Soundgarden’s Superunknown was described alternatively as the grunge swansong and the album that allowed the band to transcend that label – though clearly the latter proved to be wishful thinking. All bands who had been stuck with the grunge tag were desperately trying to escape it, and while this album was a good effort, it wouldn’t be the actions of anyone in Soundgarden that put an end to the genre. It seems that the one favour Kurt Cobain did for his contemporaries was to take grunge to the grave with him. Superunknown‘s release date (a mere month before Cobain’s suicide 20 years ago) merely got everyone ready.

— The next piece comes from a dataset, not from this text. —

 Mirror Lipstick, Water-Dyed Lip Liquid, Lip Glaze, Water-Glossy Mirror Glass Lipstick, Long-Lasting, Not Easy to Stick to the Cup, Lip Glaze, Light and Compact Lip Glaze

I’ve always thought grunge was a silly genre name and a completely redundant label. It says nothing of substance about the music and its impotency is proven by how it has withered and died; several mooted grunge revivals have failed abysmally to take off. Not only does the label curb-stomp any notion of individuality – a hallmark of most genre labels – but it suggests a lack of attention to detail or clean fine-tuning which is quite obviously not applicable to a band of Soundgarden’s caliber. In particular, a band with a drummer like Matt Cameron surely shouldn’t belong there. Cameron’s strange time signatures were a key element of the band’s sound and his mastery of switching between them without jarring the listener surprised even his bandmates – who were often left to plead ignorance when asked by journalists about the intentions behind the grooves. He could even direct a song in standard 4/4 and make it sound like something far more complex. Then there was Kim Thayil, the metalhead guitarist with a penchant for turning to experimentation and doomy riffing. A populariser of drop d tuning, Thayil gained a few further respect from the shredding world with his strange E-E-B-B-B-B tuning on tracks like ‘My Wave’ and ‘The Day I Tried To Live’.

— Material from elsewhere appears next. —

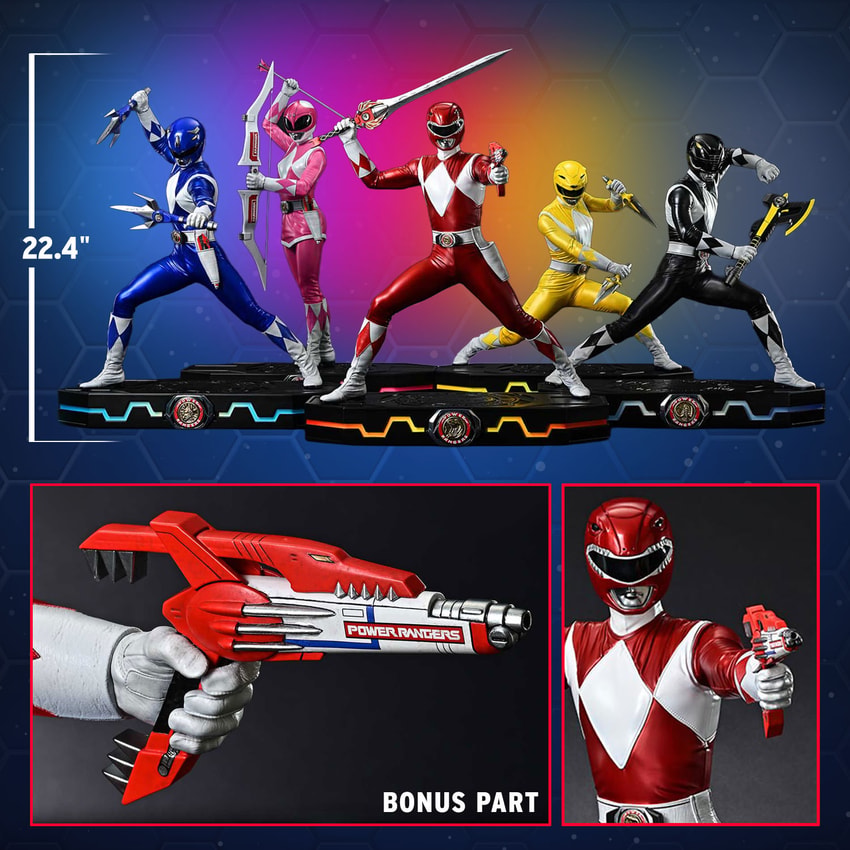 Mighty Morphin Power Rangers Power Rangers 5-Ranger Set (Deluxe Bonus Version) Quarter Scale Statue - Prototype Shown View 2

Frontman Chris Cornell’s lyrics switch between vengeful aggression, compassion, apocalyptic hopelessness and bitterness. Cornell may never shake the Robert Plant comparisons, but his style lends itself to a particular brand of abject misery that Led Zeppelin never really broached. However, these lyrics and the music’s mood of suffocating pessimism is the one thing that truly ties Soundgarden to their particular era in rock music.

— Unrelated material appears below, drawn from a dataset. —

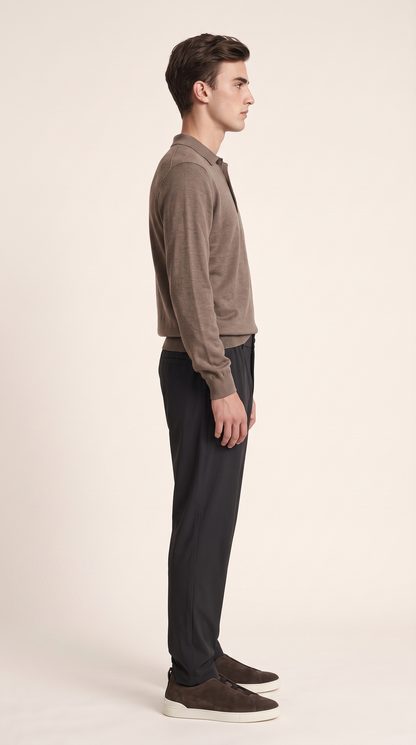 MERINO WOOLBLEND POLO | TAUPE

Much of Superunknown‘s success is derived from refinement rather than innovation. The band traded in their old techniques of bashing and thrashing their songs onto tape within the space of a month for a more lengthy visit to the studio. They also sacked their long-time collaborator behind the desk, Terry Date, for the Red Hot Chili Peppers’ producer Michael Beinhorn. It had been three years since Badmotorfinger had garnered the band some praise as well as bagged them a slot opening for Guns N’ Roses on the massive Use Your Illusion stadium tour. The band could now afford to take a few more whacks at the final product and add all kinds of weird nuances and novelties. Possibly as a result of this, the album possesses a sterling consistency worthy of a true ‘albums band’, with the only outliers being the two bassist Ben Shepherd-penned morsels ‘Head Down’ and ‘Half’ – the latter of which has a chunky metal hook performed in strings that could easily compete with any in the Cornell/Thayil canon – as well as ‘Black Hole Sun’, which almost seems a bit too pretty and Beatlesesque to be sat in the middle of all that crushing, chord-mashing darkness. That tune does enough on its own to warp the view of the band in hindsight as it will now almost always serve as a first introduction to the group.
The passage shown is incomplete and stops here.